Hattat Kazasker Mustafa İzzet Efendi -Musiki- Hakkında Bilgi
Kazasker Mustafa İzzet hat sanatındaki ustalığı yanında hanendeliği, neyzenliği ve bestekârlığı ile de tanınmıştır. Küçük yaşlarda bestekâr Kömürcüzâde Hafız Mehmed Efendi’den dinî eserler meşketmekle başladığı mûsiki hayatını Galata Sarayı Mektebi’nde devam ettirdi. İrâde-i seniyye ile Enderûn-ı Hümâyun’a alınıp burada öğrenimini sürdürürken Şâkir Ağa’dan meşke başladı. Kısa zamanda güzel sesiyle şöhrete ulaşmasının ardından II. Mahmud’un huzurundaki fasıllara sesiyle katıldı. Bu arada ney çalışmalarını da ilerleterek bir müddet sonra devrinin en iyi neyzenleri arasına girmeyi başardı. Sarayda daha çok Neyzen Mustafa lakabıyla tanınan Mustafa İzzet, II. Mahmud’un vefatına kadar (1839) küme fasıllarının vazgeçilmez sanatkârlarından oldu. Bir defasında fasılda II. Mahmud’un şarkıları okunduktan sonra Mustafa İzzet’e şarkılar hakkında fikri sorulduğunda hükümdarın eserlerinin şarkıların padişahı olduğunu ifade etmesi padişahı çok memnun etti. Saray fasıllarında Hamâmîzâde İsmail Dede, Dellâlzâde İsmail Efendi, Şâkir Ağa, Tanbûrî Nûman Ağa, Zeki Mehmed Ağa, Suyolcuzâde Salih Efendi, Tanbûrî Necib Ağa, Kemânî Ali Ağa, Basmacı Abdi Efendi gibi ünlü musikişinaslarla birlikte hanende ve sazende olarak bulundu. Dellâlzâde İsmail Efendi, Hâşim Bey ve hanende Rifat Bey onun “hâce-i zaman” olduğunu söylemişlerdir. Hayatının sonlarına doğru sesinin kalınlaşmasına rağmen fasıllarda tiz perdelerde hiç zorlanmazdı. Tiz nağmelere gelindiğinde diğer hanendeler bir oktav peşte inince onun tiz nağmelerdeki ustalığı kendini gösterirdi.

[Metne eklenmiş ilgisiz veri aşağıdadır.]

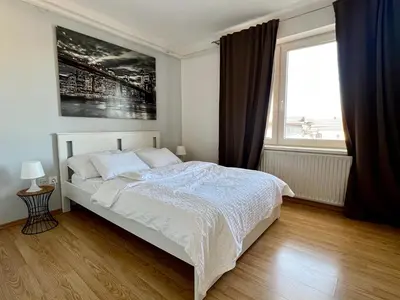 a bedroom with a white bed and a window at Tabor in Ljubljana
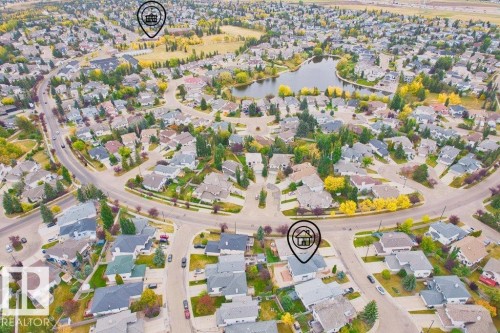 Aerial view of property's location with nearby suburban area and a large body of water - 11608 11A Avenue, Edmonton, AB -  With View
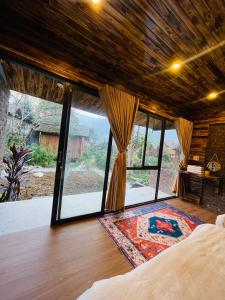 1 dormitorio con 1 cama y grandes ventanas de cristal en Anh Duc Homestay, en Sa Pa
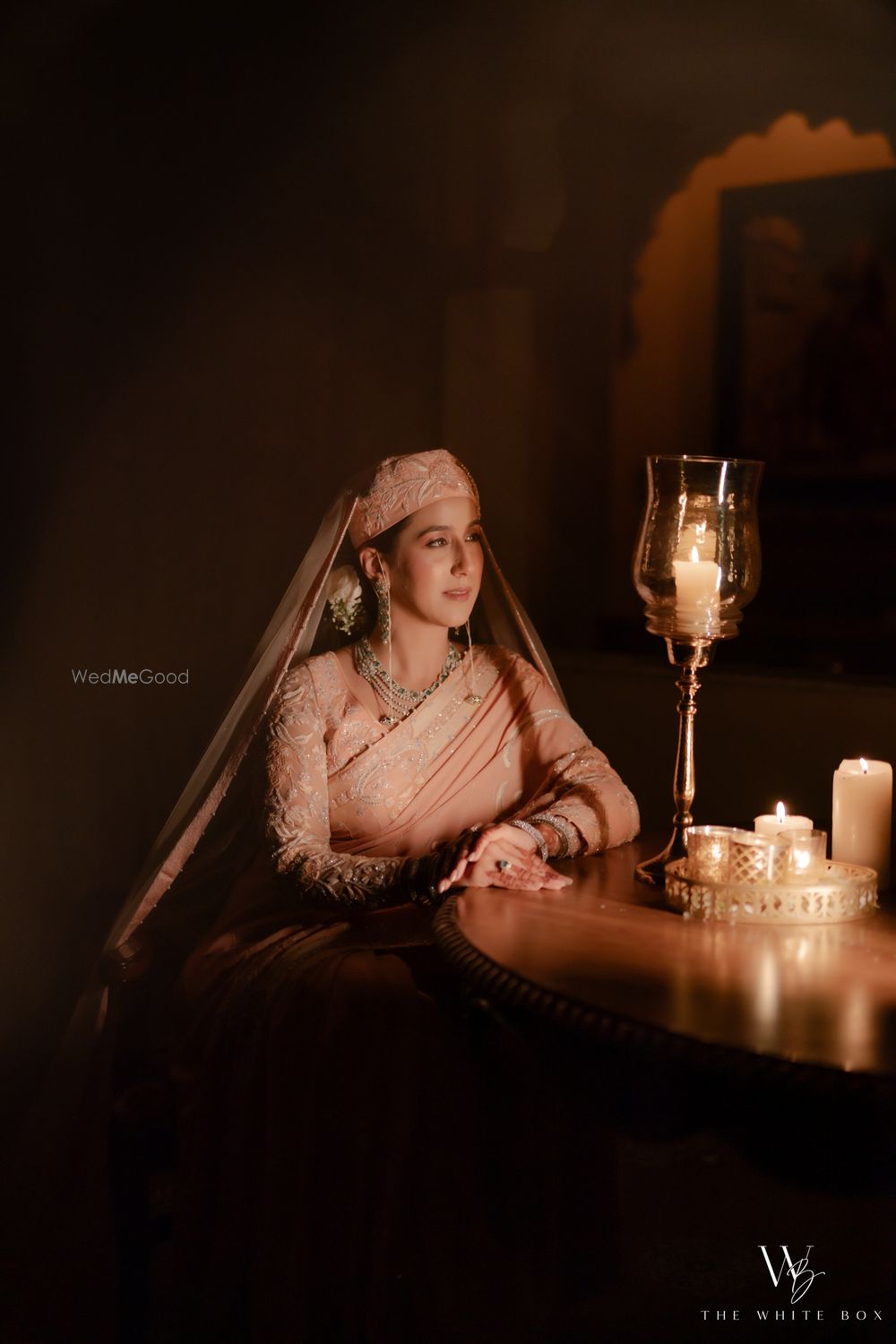 Photo of Gorgeous bridal portrait with the bride in a peach saree and headgear on her wedding day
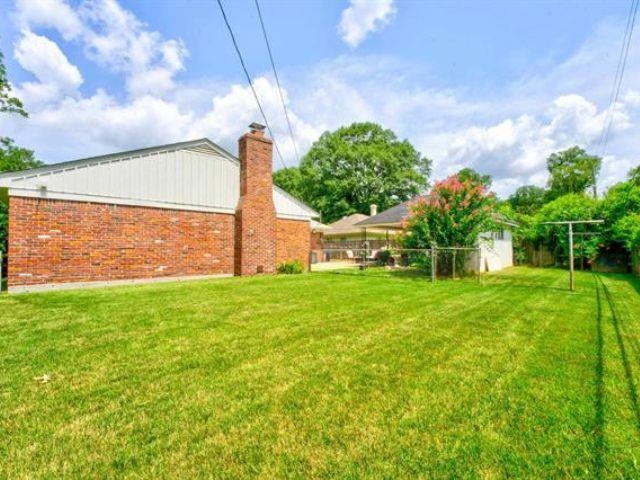1694 South White Station Road Memphis, TN 38117 - Photo 25 of 26 A fully fenced yard with room to relax, garden, or play.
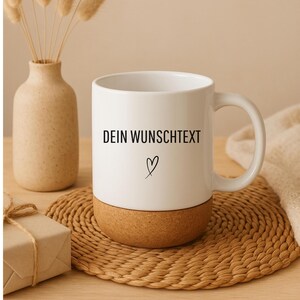 May include: White ceramic mug with a cork base, featuring the text "DEIN WUNSCHTEXT" and a heart symbol. The mug sits on a woven coaster, with a vase of dried flowers and a wrapped gift in the background.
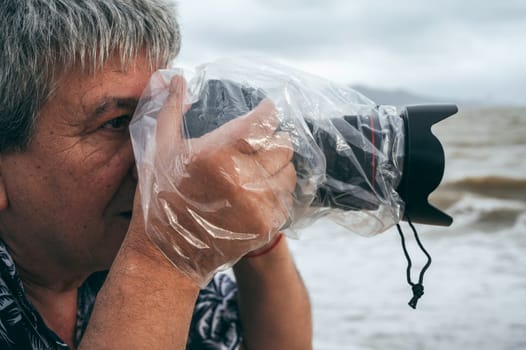 professional male photographer takes pictures with digital camera in a protective case waterproof plastic bag against splashing rain in nature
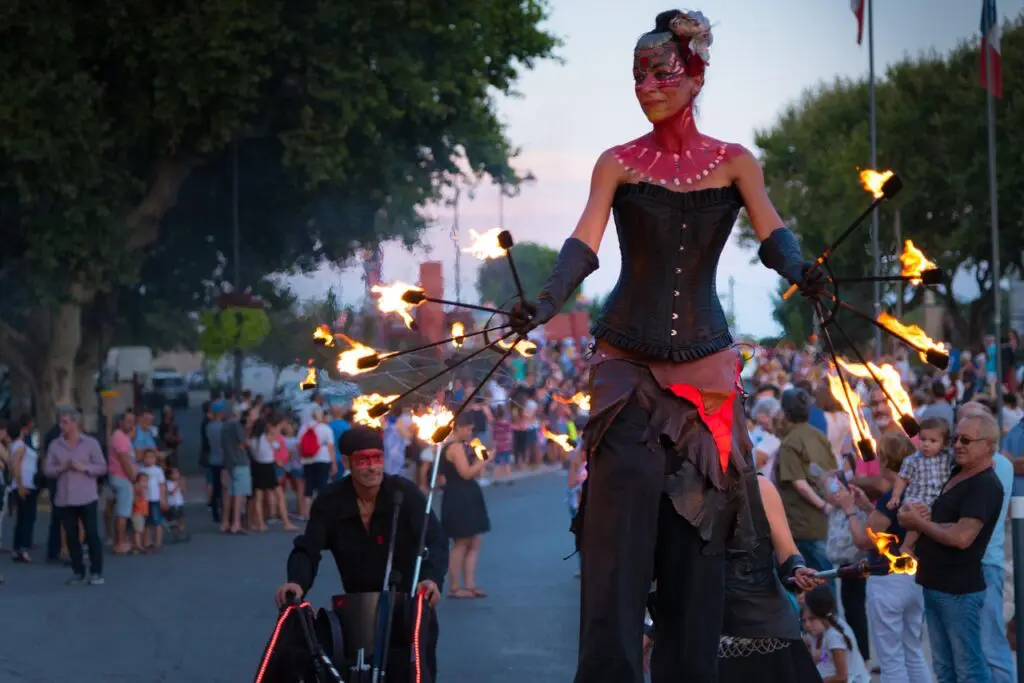 A woman in a corset walks down a street carrying fire fans.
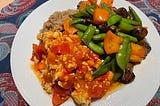 A delicous looking dish of tempeh marinara, sugar peas, mushrooms, sweet peppers and quinoa.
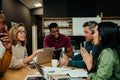 Team meeting during lunch break in office lounge briefing before big presentation with boss Royalty Free Stock Photo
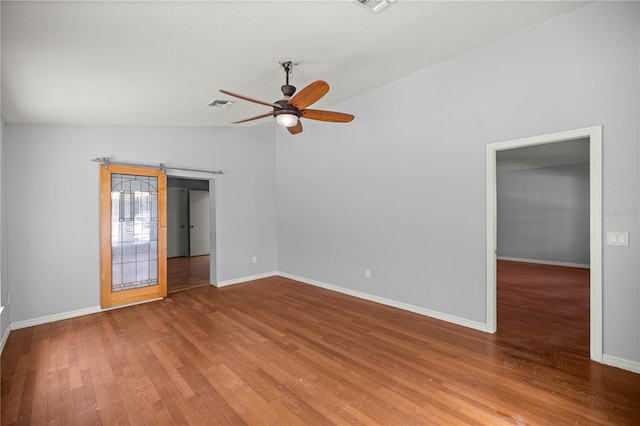 14171 SW 8th Ave, Ocala, FL 34473 - spare room featuring wood finished floors, a ceiling fan, and lofted ceiling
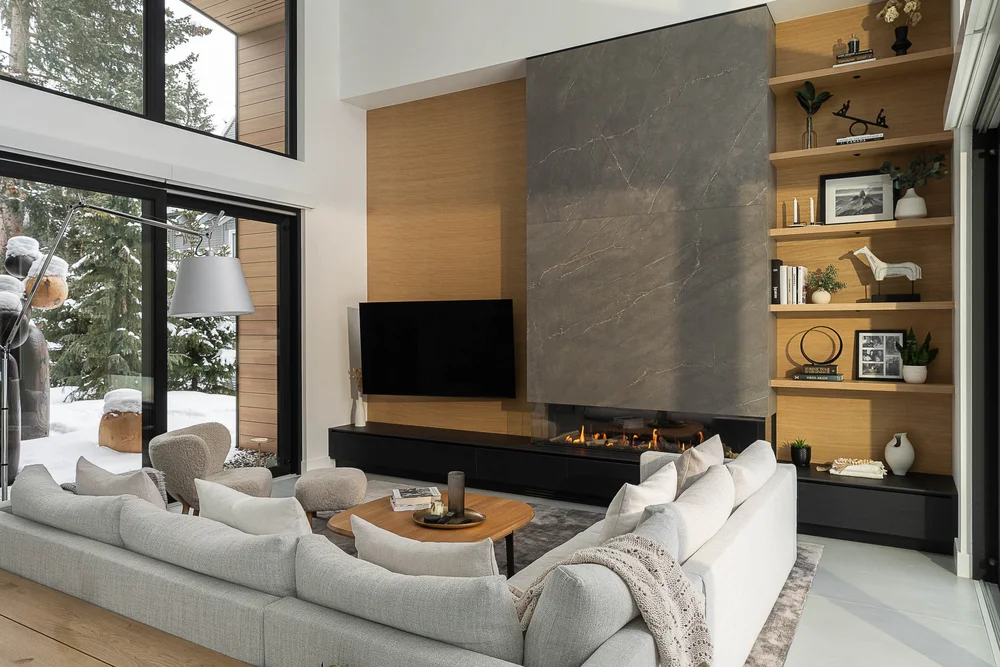 Living room with a dark stone fireplace wall, a pale sectional and glazing onto the snow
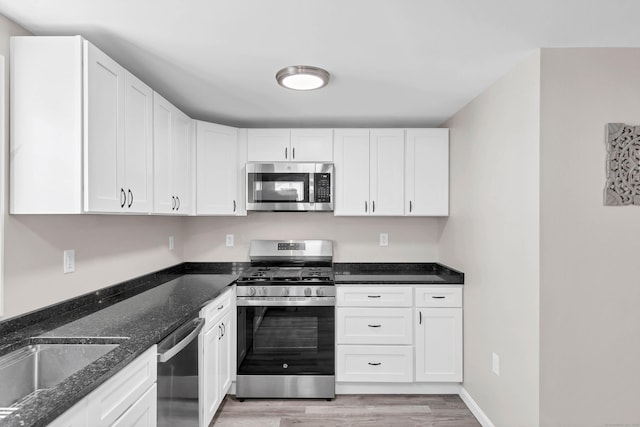 kitchen with appliances with stainless steel finishes, light wood-type flooring, white cabinets, dark stone counters, and a sink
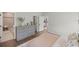 Spacious bedroom with an en-suite bathroom, hardwood floors, and ample closet space at 15769 Sw 37Th Cir, Ocala, FL 34473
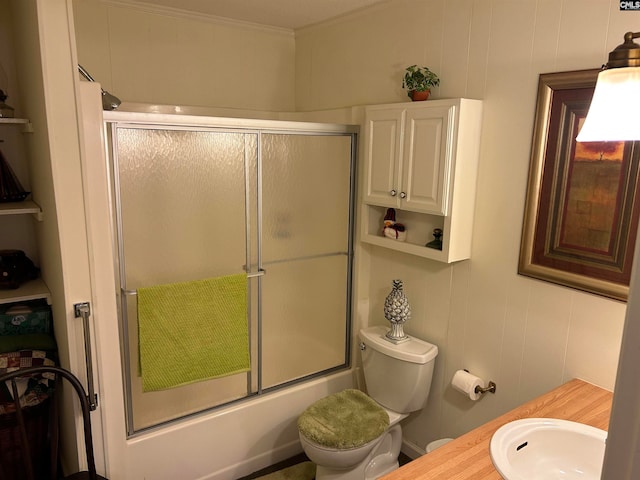 full bathroom featuring enclosed tub / shower combo, toilet, ornamental molding, and sink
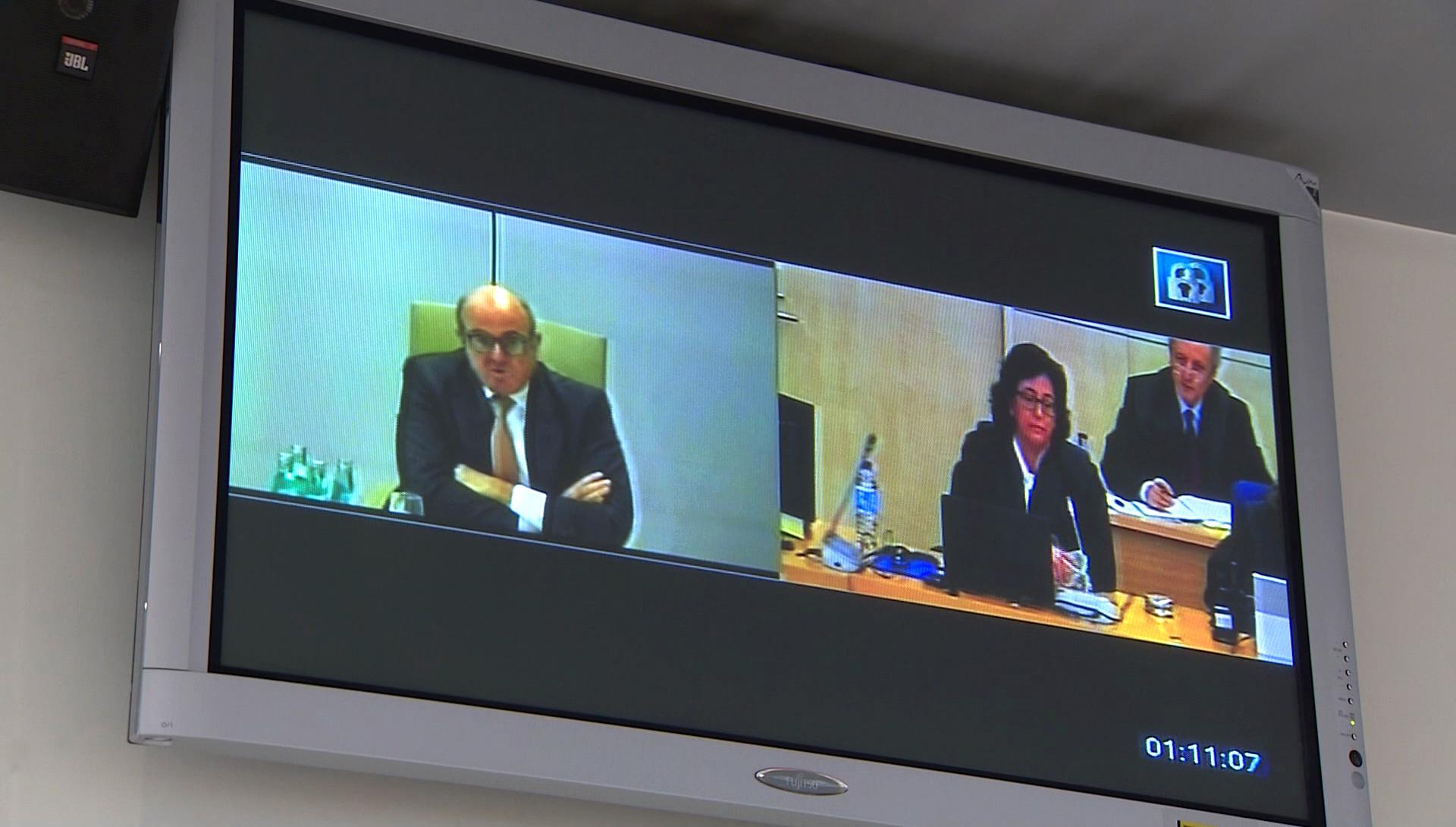 El exministro de Economía Luis de Guindos durante su declaración por videoconferencia en el juicio por la salida a bolsa de Bankia - Europa Press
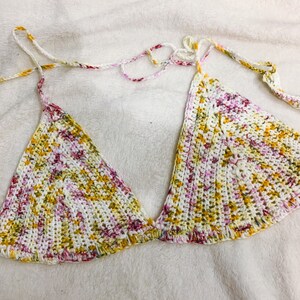 May include: A handmade crochet bikini top in a triangle style. The top features a colorful pattern with white, yellow, and pink threads. The straps are white with accents of yellow, pink, and red. The garment is designed for swimwear.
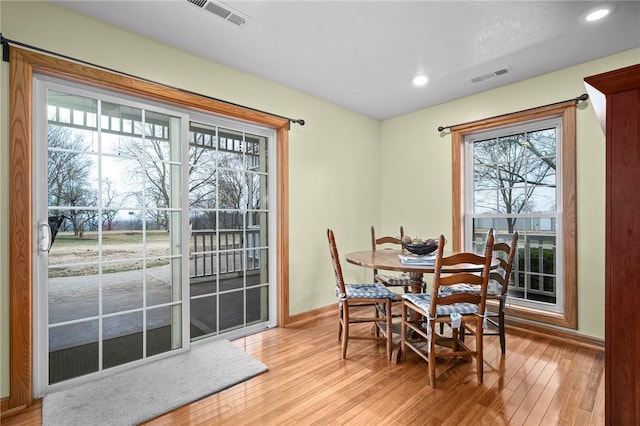 2428 Winn Mountain Loop, Mountainburg, AR 72946 - dining room with baseboards, visible vents, and light wood-style flooring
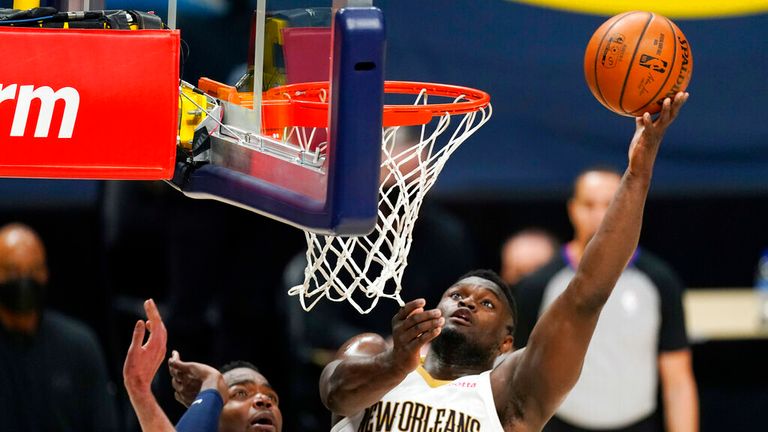 AP- New Orleans Pelicans forward Zion Williamson, right, drives to the rim as Denver Nuggets center Nikola Jokic defends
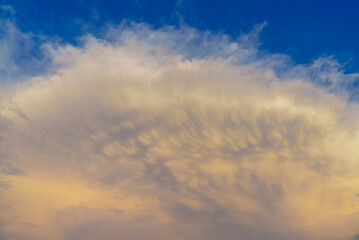 Large unusual cloud in the blue sky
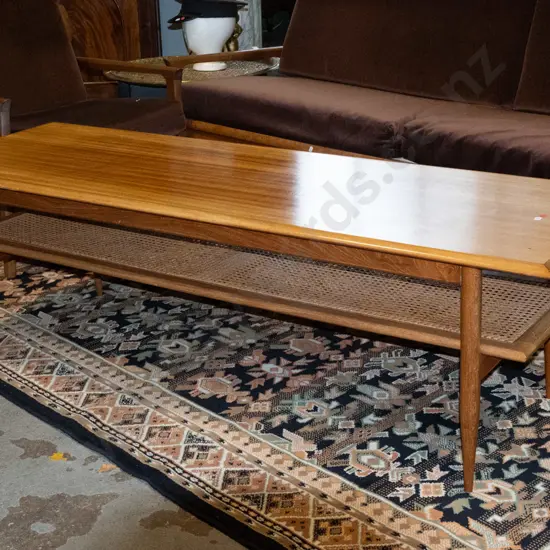 retro mahogany coffee table on turned legs, with cane inset magazine shelf, cross-banded edges. Loose leg joints, fading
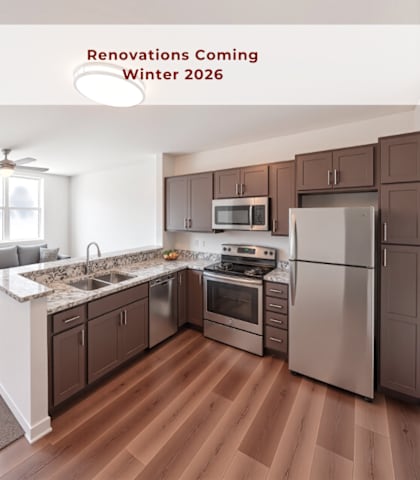 A kitchen with brown cabinets and stainless steel appliances is under renovation.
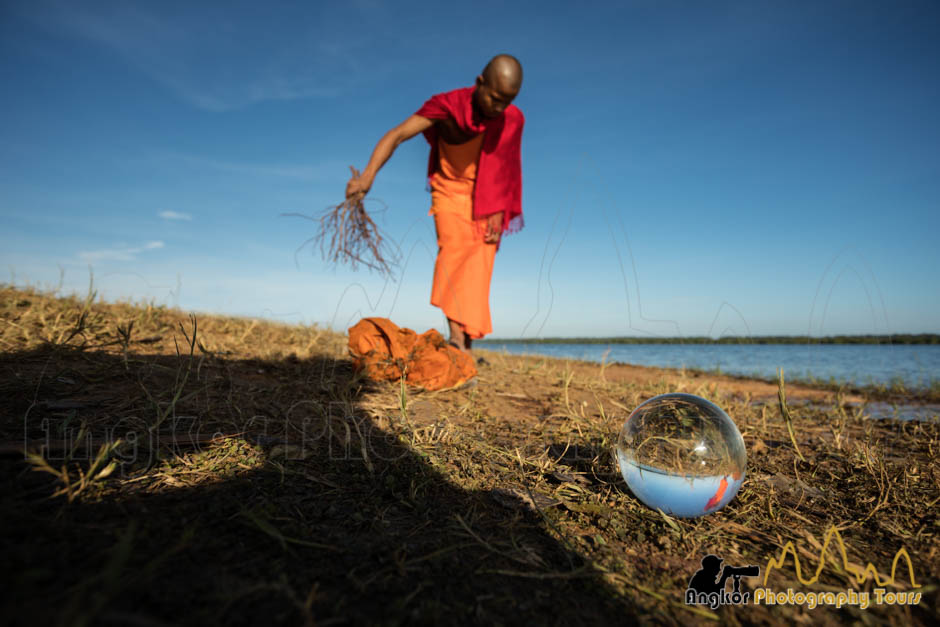 glass ball photography cambodia monk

Mustafa İzzet dinî ve din dışı formlarda fazla eser bestelememiş, ancak her biri ayrı özellikte olan eserleriyle tanınmıştır. Dellâlzâde İsmail bestelediği eserleri önce İzzet Efendi’ye okuyup onun görüşünü alır, daha sonra bir mûsiki toplantısında bestesi hakkında konuşmak isteyenlere de bu eserin İzzet Efendi tarafından beğenildiğini, dolayısıyla artık değiştirilemeyeceğini söylerdi. Tarz-ı cedîd adlı bir makam icat eden İzzet Efendi, birleşik makamlardan çok ana makam dizilerini tercih ederdi. Meselâ hüseynî makamı dururken gülizân fazlalık görür, sabâ makamına zemzeme ilâvesini de birincinin daralması ve ikincinin genişletilememesi şeklinde yorumlardı.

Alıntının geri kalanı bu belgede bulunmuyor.